Segment Start: Provided entries

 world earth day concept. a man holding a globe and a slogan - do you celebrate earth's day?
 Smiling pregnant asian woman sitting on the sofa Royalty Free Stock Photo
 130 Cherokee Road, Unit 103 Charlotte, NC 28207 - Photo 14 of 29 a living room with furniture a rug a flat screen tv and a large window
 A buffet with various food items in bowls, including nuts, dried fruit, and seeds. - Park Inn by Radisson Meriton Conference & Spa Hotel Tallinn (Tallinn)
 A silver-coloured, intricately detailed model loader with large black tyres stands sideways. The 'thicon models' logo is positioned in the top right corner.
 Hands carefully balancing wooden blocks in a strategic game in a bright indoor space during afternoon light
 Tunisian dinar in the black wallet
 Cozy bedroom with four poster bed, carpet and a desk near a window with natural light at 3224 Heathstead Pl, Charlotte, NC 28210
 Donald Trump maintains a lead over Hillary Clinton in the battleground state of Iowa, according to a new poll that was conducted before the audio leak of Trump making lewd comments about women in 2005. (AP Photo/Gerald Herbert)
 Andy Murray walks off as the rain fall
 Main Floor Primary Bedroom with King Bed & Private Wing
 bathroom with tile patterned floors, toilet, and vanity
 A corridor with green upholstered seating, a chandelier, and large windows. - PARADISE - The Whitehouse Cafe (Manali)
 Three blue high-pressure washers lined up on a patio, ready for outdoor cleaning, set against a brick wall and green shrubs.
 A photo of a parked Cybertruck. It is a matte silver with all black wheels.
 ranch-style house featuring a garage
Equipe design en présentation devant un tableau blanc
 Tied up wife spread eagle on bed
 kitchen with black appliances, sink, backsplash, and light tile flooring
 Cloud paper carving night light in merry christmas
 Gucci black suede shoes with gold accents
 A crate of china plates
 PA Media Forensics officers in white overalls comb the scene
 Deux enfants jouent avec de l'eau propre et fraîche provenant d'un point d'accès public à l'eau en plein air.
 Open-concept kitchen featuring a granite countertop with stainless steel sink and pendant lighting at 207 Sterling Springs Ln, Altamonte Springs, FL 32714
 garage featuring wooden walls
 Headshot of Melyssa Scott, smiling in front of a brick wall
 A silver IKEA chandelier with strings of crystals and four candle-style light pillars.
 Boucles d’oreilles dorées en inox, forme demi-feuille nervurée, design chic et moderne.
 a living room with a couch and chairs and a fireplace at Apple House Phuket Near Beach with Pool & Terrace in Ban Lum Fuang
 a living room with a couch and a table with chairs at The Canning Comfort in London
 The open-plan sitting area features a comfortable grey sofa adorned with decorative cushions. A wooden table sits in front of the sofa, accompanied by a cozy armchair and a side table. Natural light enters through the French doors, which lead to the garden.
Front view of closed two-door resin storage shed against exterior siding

Segment End: Provided entries

Set down again, word for word, the stretch of records from the line with "Andy Murray walks off as the rain fall" to the line with "Three blue high-pressure", both of those lines included.

== Your solution ==
 Andy Murray walks off as the rain fall
 Main Floor Primary Bedroom with King Bed & Private Wing
 bathroom with tile patterned floors, toilet, and vanity
 A corridor with green upholstered seating, a chandelier, and large windows. - PARADISE - The Whitehouse Cafe (Manali)
 Three blue high-pressure washers lined up on a patio, ready for outdoor cleaning, set against a brick wall and green shrubs.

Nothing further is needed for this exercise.